The quest for newness is as old as mankind, but people today are constantly snooping around for a new this and a new that, they don't realize that what's new now is old tomorrow. You don't have to be an ingenious Newton to know that 'New' is by its very definition, fleeting and temporary.

New in

Name Only

The term 'New' can be misleading, with places like Newport News, Nanuet, New York and Newark, New Jersey promoting themselves as "new" when they're really old as the hills. And can you believe that numismatists specialize in ancient coins?

Some humbly disguise themselves as 'old wine in new bottles' (Avot 4), while others resort to innuendo to hide their real age, like old ragged shmattes pretending to be next-to new!

Actually, we have more news on this page than the New York Times with all its minutiae and up-to-the-minute reporting!

Old News

Unfortunately, people today suffer from a serious newrosis, dumping good old values for tenuous fads that don't continue. Newer isn't always better.

Indeed, Coke once tried to be new, lost revenue, and had to revert back to the old classic. Indeed, most of today's newfangled gizmos come with built-in obsolescence, and entre-nous, even a brand-new car can become a major newsance.

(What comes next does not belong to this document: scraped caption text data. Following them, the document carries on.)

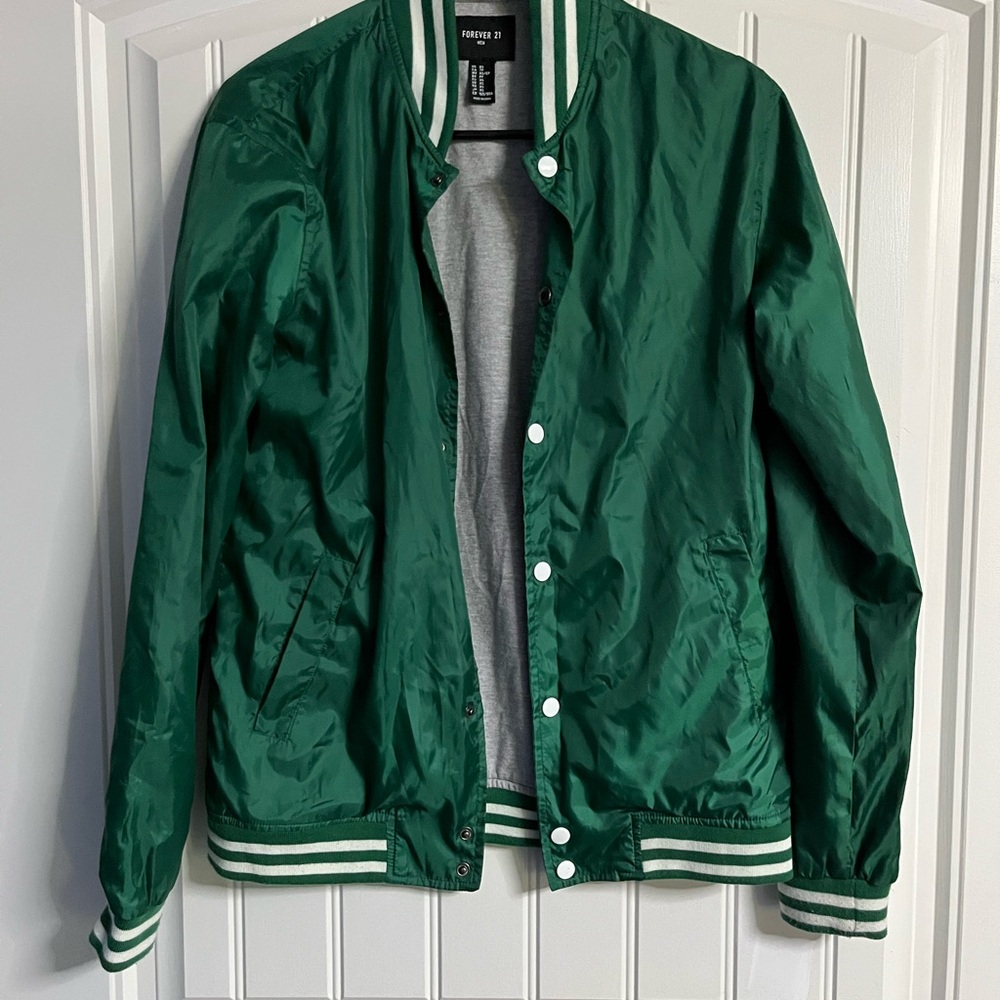 Forever 21 Forest Green Varsity Jacket Mens XS‎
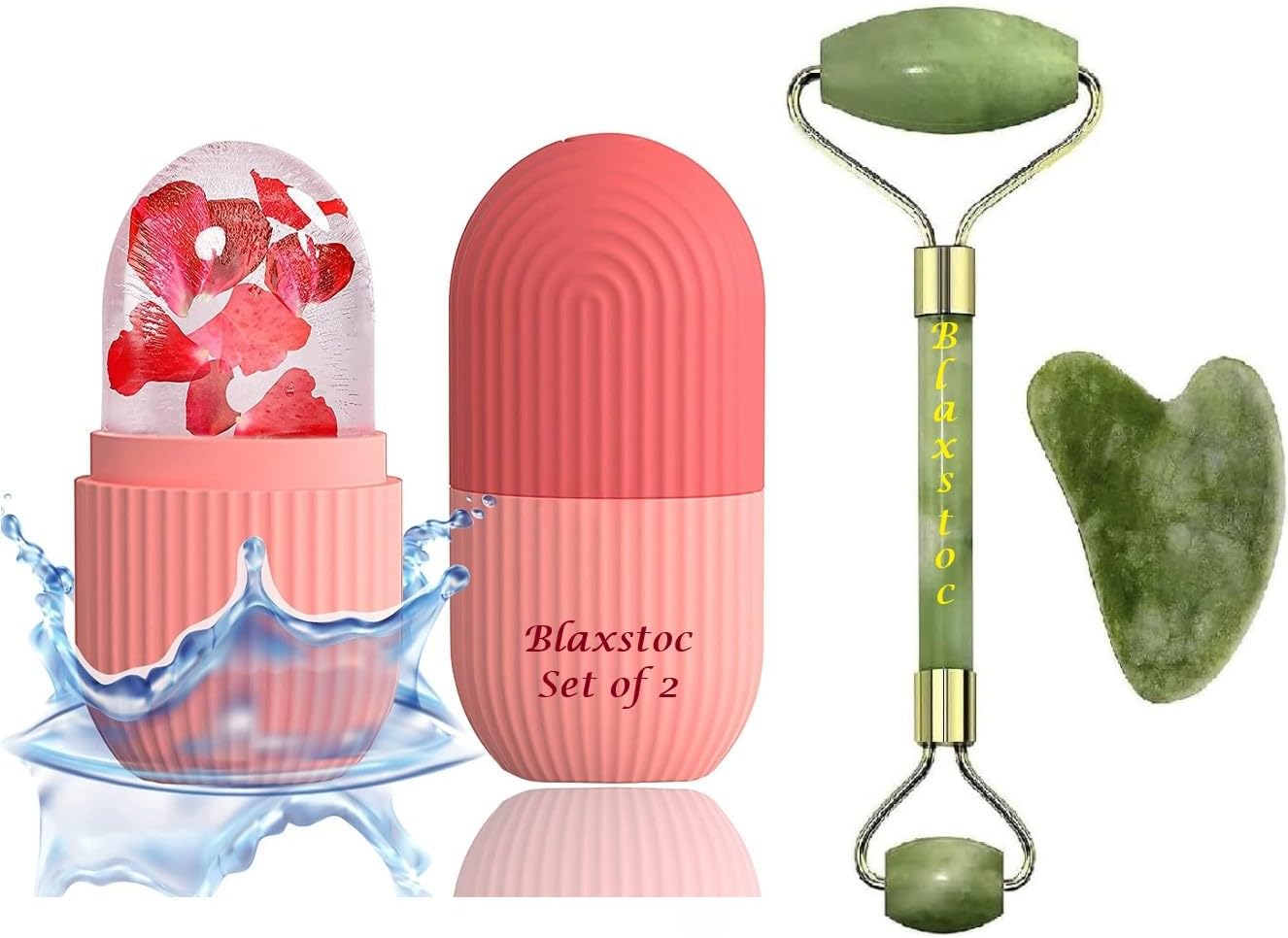 BLAXSTOC Reusable Jade Roller & Gua Sha Stone - Set of 3 with Ice Roller for Face, Guasha Facial Tool & Gua Sha Stone for face, Facial Ice Roller & Ice Massager Jade Roller for Face Massager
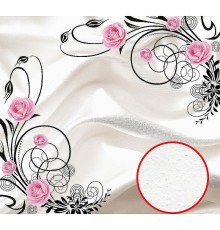 Фреска Ortograf 3D 30743 Фактура бархат FX Флизелин (3x2,7) Белый/Розовый/Черный, Цветы/Абстракция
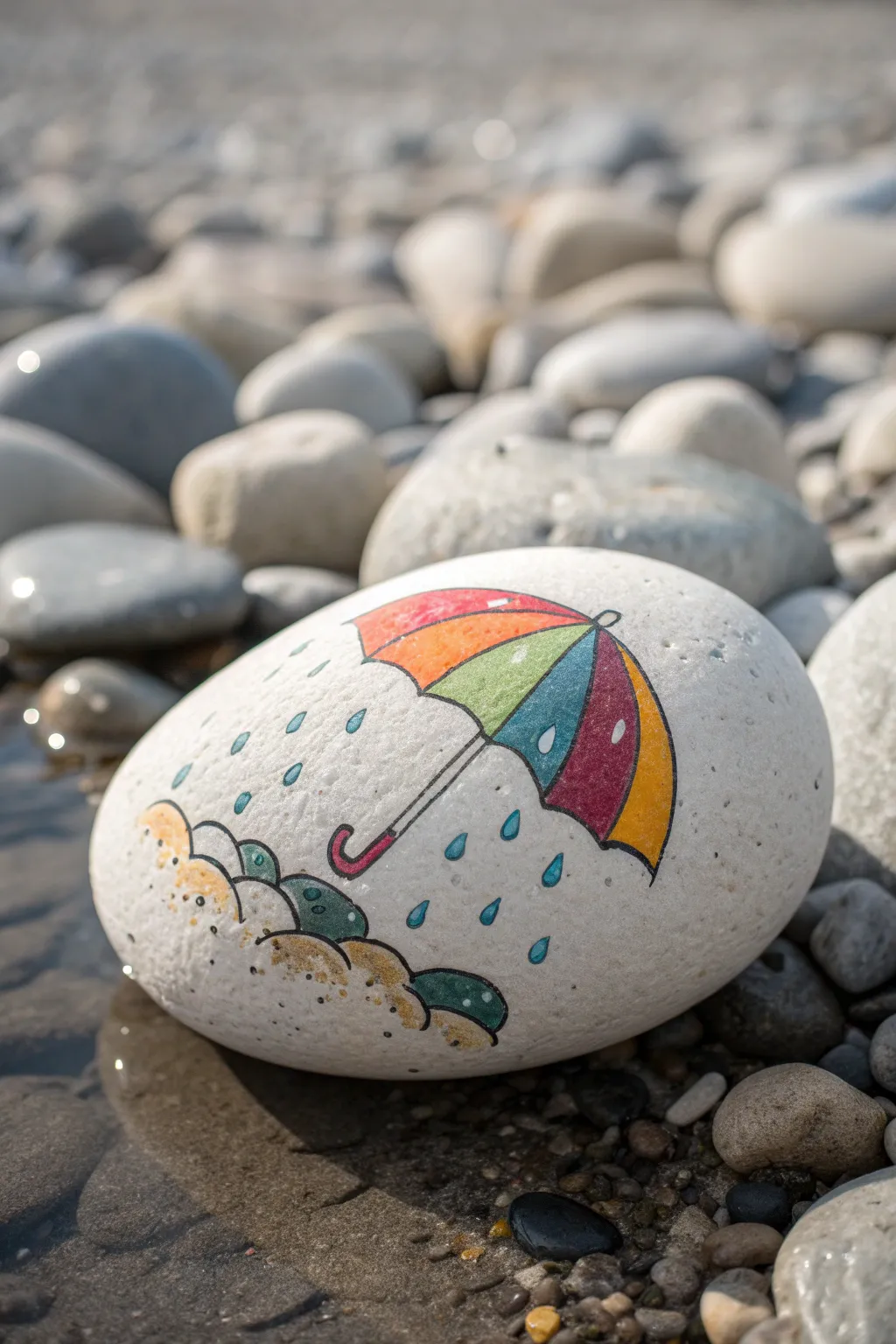 April Showers umbrella rock with bright raindrops, a cozy spring mood in minimalist style.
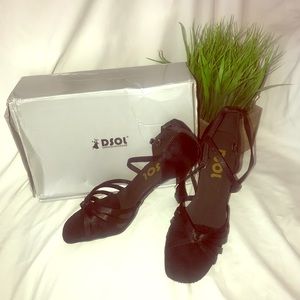 Black satin dancing heels
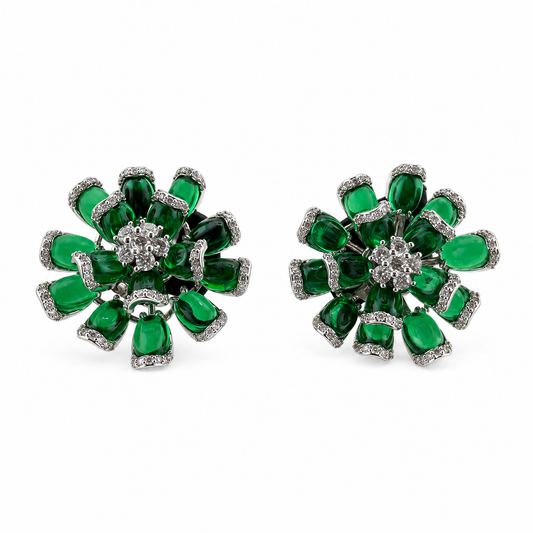 Emerald Bloom Cluster Stud Earrings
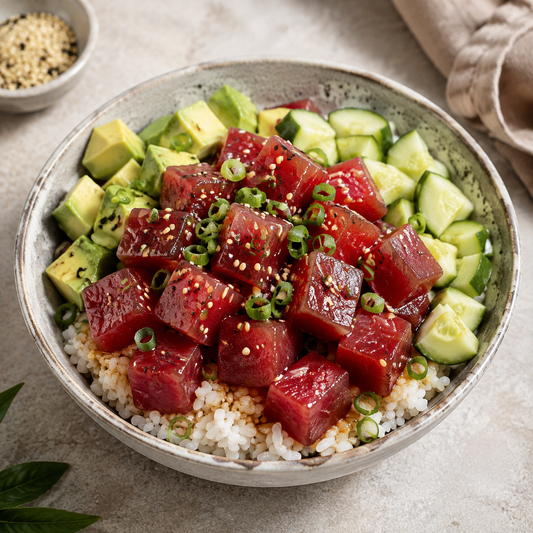 AAA yellowfin tuna poke cubes with rice, avocado, cucumber and sesame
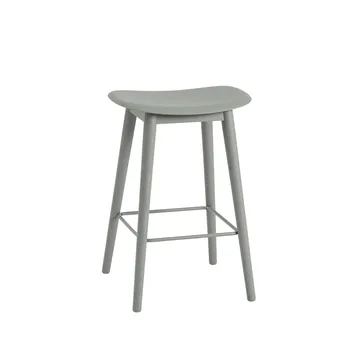 Fiber counter stool 65 cm - Dusty green, green leg - Muuto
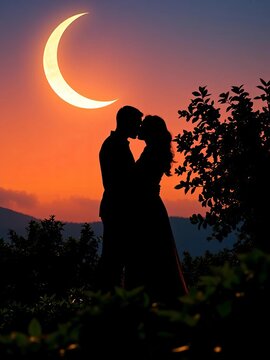 Silhouette couple embracing under crescent moon, surrounded by lush greenery, romantic atmosphere, gentle breeze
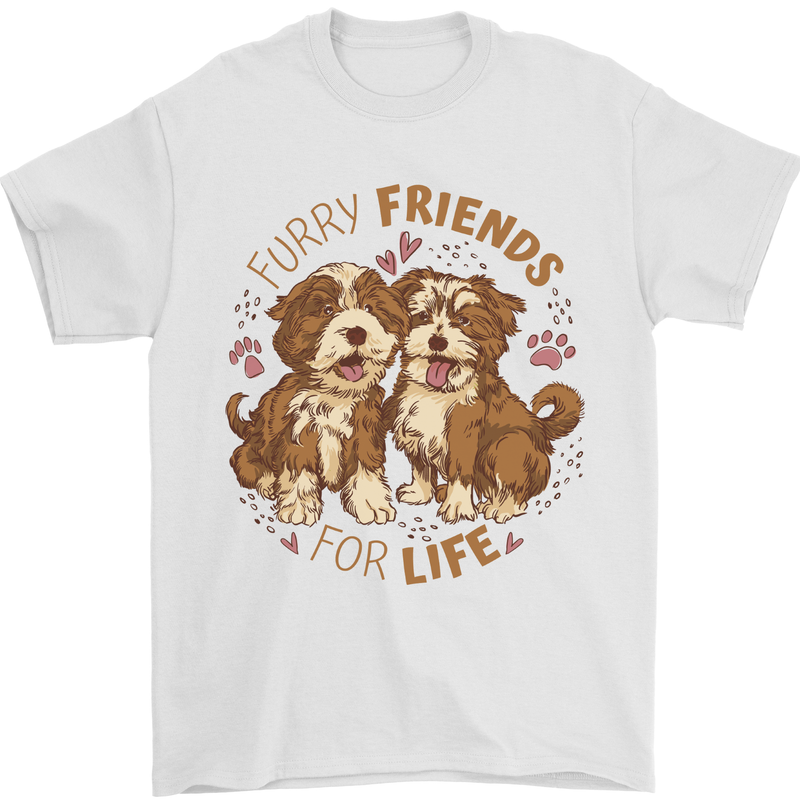 Furry Friends For Life Two Cute Dog Mens T-Shirt 100% Cotton White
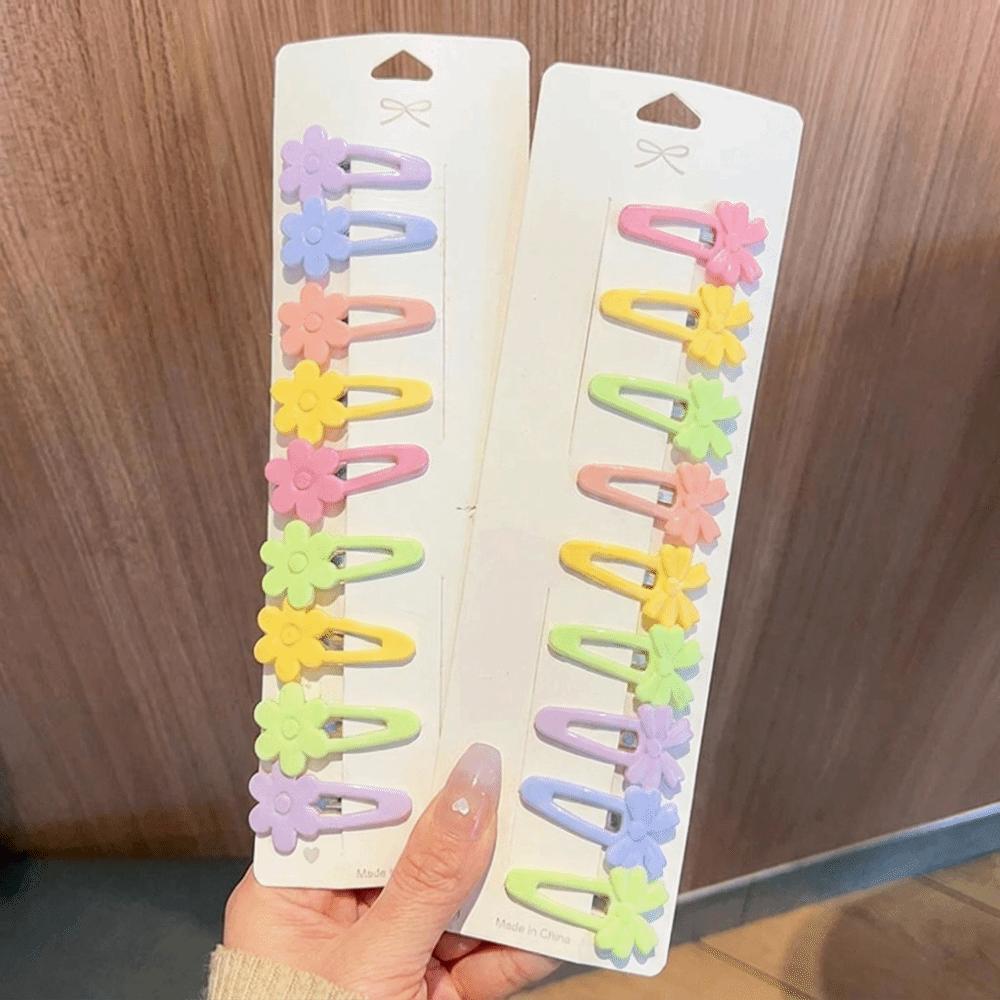 8/16 Pcs/set Flower Multicolor Bownot Hair Clips Plastic Hair Barrettes Bangs Hairpin Women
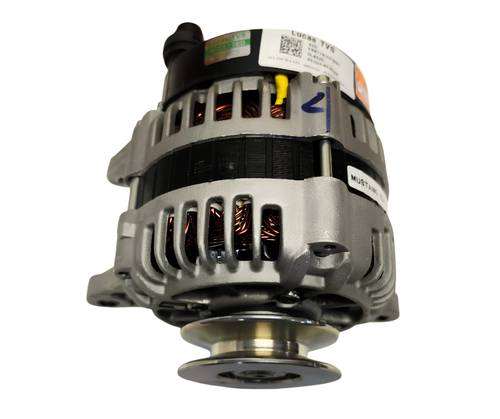 Mahindra 90 amp alternator E007701757B91, a Lucas‑style high‑output alternator that charges the battery and powers electrical systems on selected 1500, 1600, 2500, 2600, 3500 and 3600 Series T4 tractors.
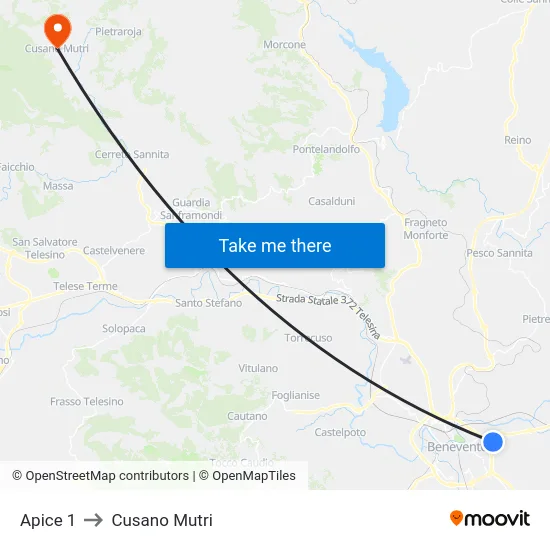 Apice 1 to Cusano Mutri map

Let us therefore search for something that doesn't sparkle only in the showroom on the first day, and find a genuine new that enjoys long lasting tenure after the initial novelty wears off.

The New New

What is truly perpetually new is our timeless Torah; 'always new as the day it was given.' Take for example this beautiful interpretation from an old manuscript by the great Chasidic masters, the Besht and Rabbi Shneur Zalman of Chabad. It is   as new and relevant today as when they taught it over 200 years ago:

"King David states: "Tik'u BaChodesh Shofar " (Psalms 81) Literally, this passage simply tells us to blow the Shofar on Rosh Hashanah, the date of which coincides with the beginning of the New Moon.

But the Hebrew word Chodesh also means 'new,' giving this verse a whole new meaning:

"Let the Shofar sound blow out the old blasé, rote and routine, and infuse us with a new dynamic spirit throughout the year."

Nu?!

An annual 'New Year' greeting that just keeps repeating itself year after year becomes an old cliché.   'New' alone isn't enough; let's try to be 'New and Improved!'

Instead of just changing our calendars, let us change ourselves, our deeds and our attitudes. And rather than continue insinuating nuances like a nudnik, let us return to 'Avinu Malkenu' Our Father, Our King.

May we soon merit to hear the great Shofar heralding the good news of the Final Redemption and Moshiach's long awaited arrival. This will usher in a new era of universal peace, prosperity and spiritual harmony, when 'G‑d will renew our days as once before' (Lam.5).